__ACTION ITEM__. The data below has to be returned exactly, down to the last character.
Top of GIVEN RECORDS
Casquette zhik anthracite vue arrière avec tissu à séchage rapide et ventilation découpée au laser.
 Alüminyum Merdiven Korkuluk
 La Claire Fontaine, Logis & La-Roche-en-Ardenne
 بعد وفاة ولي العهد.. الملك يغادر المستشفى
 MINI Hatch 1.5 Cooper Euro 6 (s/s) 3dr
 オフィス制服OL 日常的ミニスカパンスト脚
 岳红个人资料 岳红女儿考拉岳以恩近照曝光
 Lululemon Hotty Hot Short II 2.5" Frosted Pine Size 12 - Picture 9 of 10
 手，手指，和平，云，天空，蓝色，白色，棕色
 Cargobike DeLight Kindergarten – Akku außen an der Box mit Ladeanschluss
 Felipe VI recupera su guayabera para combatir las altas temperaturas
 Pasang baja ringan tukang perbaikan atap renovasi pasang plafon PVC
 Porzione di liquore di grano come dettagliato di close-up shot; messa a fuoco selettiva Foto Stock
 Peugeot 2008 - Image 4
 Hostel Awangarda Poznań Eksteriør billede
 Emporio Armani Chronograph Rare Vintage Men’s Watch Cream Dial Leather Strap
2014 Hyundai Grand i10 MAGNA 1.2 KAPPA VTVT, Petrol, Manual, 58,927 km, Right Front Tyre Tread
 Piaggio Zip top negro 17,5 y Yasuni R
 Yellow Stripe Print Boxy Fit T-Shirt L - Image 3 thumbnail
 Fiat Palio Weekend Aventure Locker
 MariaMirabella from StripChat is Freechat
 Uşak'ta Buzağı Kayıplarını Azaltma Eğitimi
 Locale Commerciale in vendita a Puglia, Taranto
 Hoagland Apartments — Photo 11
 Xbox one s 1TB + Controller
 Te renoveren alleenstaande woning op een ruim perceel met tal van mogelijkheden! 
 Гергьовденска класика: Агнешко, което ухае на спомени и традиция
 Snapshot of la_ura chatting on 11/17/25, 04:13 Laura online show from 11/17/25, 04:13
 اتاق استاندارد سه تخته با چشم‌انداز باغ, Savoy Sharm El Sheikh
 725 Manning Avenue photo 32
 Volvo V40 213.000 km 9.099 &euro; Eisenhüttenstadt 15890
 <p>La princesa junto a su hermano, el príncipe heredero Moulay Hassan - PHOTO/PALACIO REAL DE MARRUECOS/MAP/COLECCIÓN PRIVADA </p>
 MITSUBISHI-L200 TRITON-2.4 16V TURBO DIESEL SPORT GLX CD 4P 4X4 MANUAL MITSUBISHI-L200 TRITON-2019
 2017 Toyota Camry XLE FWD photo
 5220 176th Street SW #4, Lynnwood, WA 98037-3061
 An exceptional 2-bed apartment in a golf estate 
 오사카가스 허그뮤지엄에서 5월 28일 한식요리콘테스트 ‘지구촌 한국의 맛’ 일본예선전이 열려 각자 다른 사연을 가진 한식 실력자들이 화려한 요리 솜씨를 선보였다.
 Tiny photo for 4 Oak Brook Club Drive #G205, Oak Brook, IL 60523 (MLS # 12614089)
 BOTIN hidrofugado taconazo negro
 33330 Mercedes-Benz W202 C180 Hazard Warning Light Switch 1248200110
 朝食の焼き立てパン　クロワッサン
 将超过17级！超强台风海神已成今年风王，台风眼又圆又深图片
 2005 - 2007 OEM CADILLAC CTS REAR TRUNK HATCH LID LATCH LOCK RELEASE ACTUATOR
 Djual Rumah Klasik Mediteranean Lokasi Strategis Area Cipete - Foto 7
Bottom of GIVEN RECORDS
__FINISHED EXERCISE__.
Casquette zhik anthracite vue arrière avec tissu à séchage rapide et ventilation découpée au laser.
 Alüminyum Merdiven Korkuluk
 La Claire Fontaine, Logis & La-Roche-en-Ardenne
 بعد وفاة ولي العهد.. الملك يغادر المستشفى
 MINI Hatch 1.5 Cooper Euro 6 (s/s) 3dr
 オフィス制服OL 日常的ミニスカパンスト脚
 岳红个人资料 岳红女儿考拉岳以恩近照曝光
 Lululemon Hotty Hot Short II 2.5" Frosted Pine Size 12 - Picture 9 of 10
 手，手指，和平，云，天空，蓝色，白色，棕色
 Cargobike DeLight Kindergarten – Akku außen an der Box mit Ladeanschluss
 Felipe VI recupera su guayabera para combatir las altas temperaturas
 Pasang baja ringan tukang perbaikan atap renovasi pasang plafon PVC
 Porzione di liquore di grano come dettagliato di close-up shot; messa a fuoco selettiva Foto Stock
 Peugeot 2008 - Image 4
 Hostel Awangarda Poznań Eksteriør billede
 Emporio Armani Chronograph Rare Vintage Men’s Watch Cream Dial Leather Strap
2014 Hyundai Grand i10 MAGNA 1.2 KAPPA VTVT, Petrol, Manual, 58,927 km, Right Front Tyre Tread
 Piaggio Zip top negro 17,5 y Yasuni R
 Yellow Stripe Print Boxy Fit T-Shirt L - Image 3 thumbnail
 Fiat Palio Weekend Aventure Locker
 MariaMirabella from StripChat is Freechat
 Uşak'ta Buzağı Kayıplarını Azaltma Eğitimi
 Locale Commerciale in vendita a Puglia, Taranto
 Hoagland Apartments — Photo 11
 Xbox one s 1TB + Controller
 Te renoveren alleenstaande woning op een ruim perceel met tal van mogelijkheden! 
 Гергьовденска класика: Агнешко, което ухае на спомени и традиция
 Snapshot of la_ura chatting on 11/17/25, 04:13 Laura online show from 11/17/25, 04:13
 اتاق استاندارد سه تخته با چشم‌انداز باغ, Savoy Sharm El Sheikh
 725 Manning Avenue photo 32
 Volvo V40 213.000 km 9.099 &euro; Eisenhüttenstadt 15890
 <p>La princesa junto a su hermano, el príncipe heredero Moulay Hassan - PHOTO/PALACIO REAL DE MARRUECOS/MAP/COLECCIÓN PRIVADA </p>
 MITSUBISHI-L200 TRITON-2.4 16V TURBO DIESEL SPORT GLX CD 4P 4X4 MANUAL MITSUBISHI-L200 TRITON-2019
 2017 Toyota Camry XLE FWD photo
 5220 176th Street SW #4, Lynnwood, WA 98037-3061
 An exceptional 2-bed apartment in a golf estate 
 오사카가스 허그뮤지엄에서 5월 28일 한식요리콘테스트 ‘지구촌 한국의 맛’ 일본예선전이 열려 각자 다른 사연을 가진 한식 실력자들이 화려한 요리 솜씨를 선보였다.
 Tiny photo for 4 Oak Brook Club Drive #G205, Oak Brook, IL 60523 (MLS # 12614089)
 BOTIN hidrofugado taconazo negro
 33330 Mercedes-Benz W202 C180 Hazard Warning Light Switch 1248200110
 朝食の焼き立てパン　クロワッサン
 将超过17级！超强台风海神已成今年风王，台风眼又圆又深图片
 2005 - 2007 OEM CADILLAC CTS REAR TRUNK HATCH LID LATCH LOCK RELEASE ACTUATOR
 Djual Rumah Klasik Mediteranean Lokasi Strategis Area Cipete - Foto 7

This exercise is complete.